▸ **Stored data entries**
------------------------------------
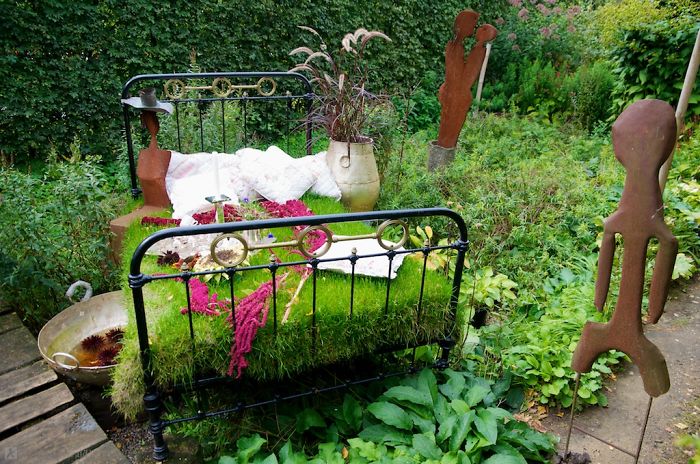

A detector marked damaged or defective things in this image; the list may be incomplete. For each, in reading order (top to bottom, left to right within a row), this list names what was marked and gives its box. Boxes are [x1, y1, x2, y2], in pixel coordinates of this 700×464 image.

rusty metal sculpture [426, 10, 498, 170]
rusty humanoid figure [438, 10, 498, 149]
rusty metal sculpture [568, 99, 676, 464]
rusty humanoid figure [576, 99, 680, 396]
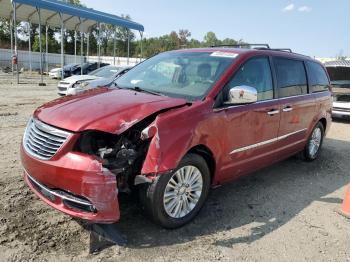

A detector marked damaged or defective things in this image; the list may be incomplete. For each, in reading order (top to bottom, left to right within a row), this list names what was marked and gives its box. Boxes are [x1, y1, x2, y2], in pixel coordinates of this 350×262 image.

crumpled hood [34, 88, 189, 133]
damaged front bumper [21, 145, 121, 223]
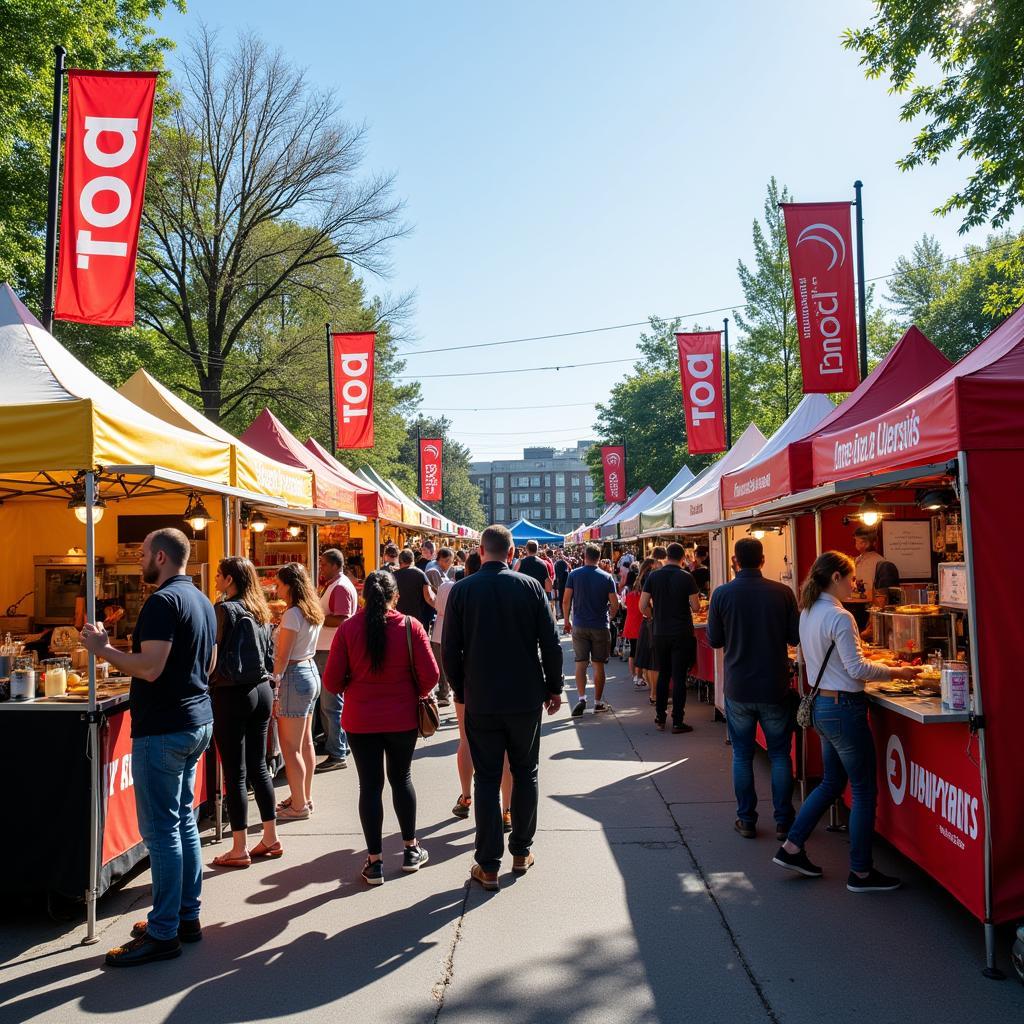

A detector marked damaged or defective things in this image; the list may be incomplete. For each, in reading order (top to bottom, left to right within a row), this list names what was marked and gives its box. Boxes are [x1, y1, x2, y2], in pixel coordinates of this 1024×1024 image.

concrete crack in pavement [428, 876, 471, 1019]
concrete crack in pavement [610, 712, 778, 1024]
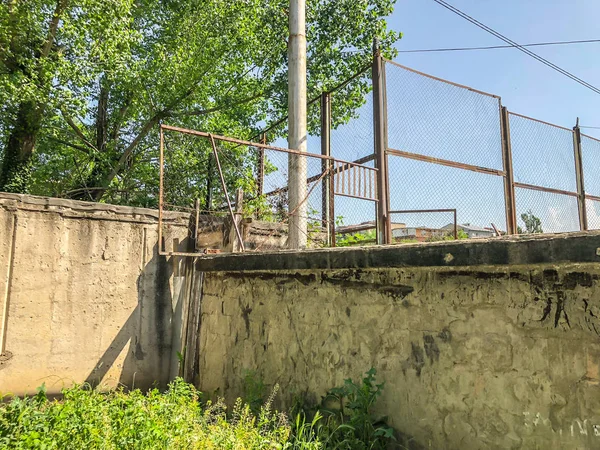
------------------------------------
▸ **Goal of the exercise**
The records above should be repeated exactly, with every picture omitted.

▸ **Answer for this exercise**
A detector marked damaged or defective things in this image; the list may be incomplete. For each, in reading order (top to bottom, left to right within a row), this list names what was marked and gives its box. Boxes are [x1, y1, x2, y2], in pixel coordinates of this 700×464 image.

rusty metal sculpture [426, 10, 498, 170]
rusty humanoid figure [438, 10, 498, 149]
rusty metal sculpture [568, 99, 676, 464]
rusty humanoid figure [576, 99, 680, 396]

A detector marked damaged or defective things in this image; the list may be incomplete. For each, in reading order (top to bottom, left to right within a row), this list names what was marked and gives its box. Boxes are [x1, y1, x2, y2], in pixel coordinates of this 350×262 image.

crumpled hood [34, 88, 189, 133]
damaged front bumper [21, 145, 121, 223]

A detector marked damaged or defective things in this image; the list may be incomplete. For each, in reading order (top to bottom, left to right within a row), this list names what was marked and gives its box. Boxes are [x1, y1, x2, y2], in pixel coordinates of this 1024×1024 image.

concrete crack in pavement [428, 876, 471, 1019]
concrete crack in pavement [610, 712, 778, 1024]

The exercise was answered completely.